Ideally, we’d cross-compile an ARM build of Futhark from a beefier machine, but cross-compiling is notoriously difficult, and I could not get it to work. Instead, we’ll compile Futhark on the Jetson itself. Futhark uses the Stack build tool, which fortunately comes compiled for ARM:

$ curl -sSL https://get.haskellstack.org/ | sh

Unfortunately, Futhark’s Stack configuration specifies GHC 8.6.5, and the newest official binary release of GHC on ARM is 8.4.2. While in theory we could use GHC 8.4.2 to compile GHC 8.6.5 on the Jetson, this would take an extremely long time. Instead, we will be using the Nix package manager, which has binary releases of recent GHCs. Installing Nix is non-invasive (we will not be using all of NixOS, which would definitely be invasive):

$ curl https://nixos.org/nix/install | sh

While this saves us from compiling GHC itself, we still have to compile a lot of Haskell, and GHC always hungers for memory. First, GHC uses too too much RAM-disk space (specifically /var/run), and the default cap of 10% of physical memory is not sufficient. Edit /etc/systemd/logind.conf and set RuntimeDirectorySize=30%. Reboot after this. If you have more systemd knowledge than I, maybe you can avoid the reboot.
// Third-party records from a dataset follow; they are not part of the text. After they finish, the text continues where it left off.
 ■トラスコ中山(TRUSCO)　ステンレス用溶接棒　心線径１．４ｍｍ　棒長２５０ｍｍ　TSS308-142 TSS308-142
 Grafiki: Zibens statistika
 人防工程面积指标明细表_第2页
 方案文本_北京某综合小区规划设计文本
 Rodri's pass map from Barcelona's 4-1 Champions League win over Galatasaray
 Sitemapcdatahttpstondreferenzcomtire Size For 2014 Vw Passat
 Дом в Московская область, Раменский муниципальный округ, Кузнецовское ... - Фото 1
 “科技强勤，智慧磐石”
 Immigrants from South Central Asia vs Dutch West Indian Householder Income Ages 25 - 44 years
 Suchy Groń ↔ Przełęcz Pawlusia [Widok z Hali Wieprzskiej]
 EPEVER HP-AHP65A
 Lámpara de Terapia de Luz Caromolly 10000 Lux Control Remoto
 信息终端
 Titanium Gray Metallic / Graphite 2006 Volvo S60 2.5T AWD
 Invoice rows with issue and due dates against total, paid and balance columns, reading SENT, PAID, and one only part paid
RAM-wise, the Jetson’s 4GiB is not enough. Therefore, set up a 4GiB swap file:

# sudo fallocate -l 4G /swapfile
# sudo chmod 600 /swapfile
# sudo mkswap /swapfile
# sudo swapon /swapfile

This setup is transient, meaning it’ll go away on next reboot, but you’ll have to delete /swapfile yourself.

Now clone the Futhark Git repository as usual, cd into it, and run:

$ stack --nix install --fast -j1

The --nix part tells stack to fetch GHC from Nix, rather than use a non-existent official release. --fast disables the Haskell optimiser, which saves on time and space. -j1 limits concurrency to one job, also to limit memory usage. You may be able to bump this higher (say, -j4) to speed up compilation. If the build crashes at some point due to an out-of-memory situation, simply reduce it to -j1 and carry on. All dependencies that managed to be succesfully built should still be available.

The build need not finish in one sitting, which is good, because this will take a long time. When it’s done, you’ll have a futhark binary located in $HOME/.local/bin. To verify that it works, try running part of the Futhark test suite:

$ futhark test --backend=cuda examples

Hopefully, it should work. Congratulations! You can now compile and run Futhark programs on the Jetson. There are no other Jetson-specific considerations that I have noticed. Unfortunately, the CUDA backend is for C, not Python, although we may implement a PyCUDA backend some day. If you want to easily show some graphics, consider Lys, which will certainly also be the topic of a future blog post.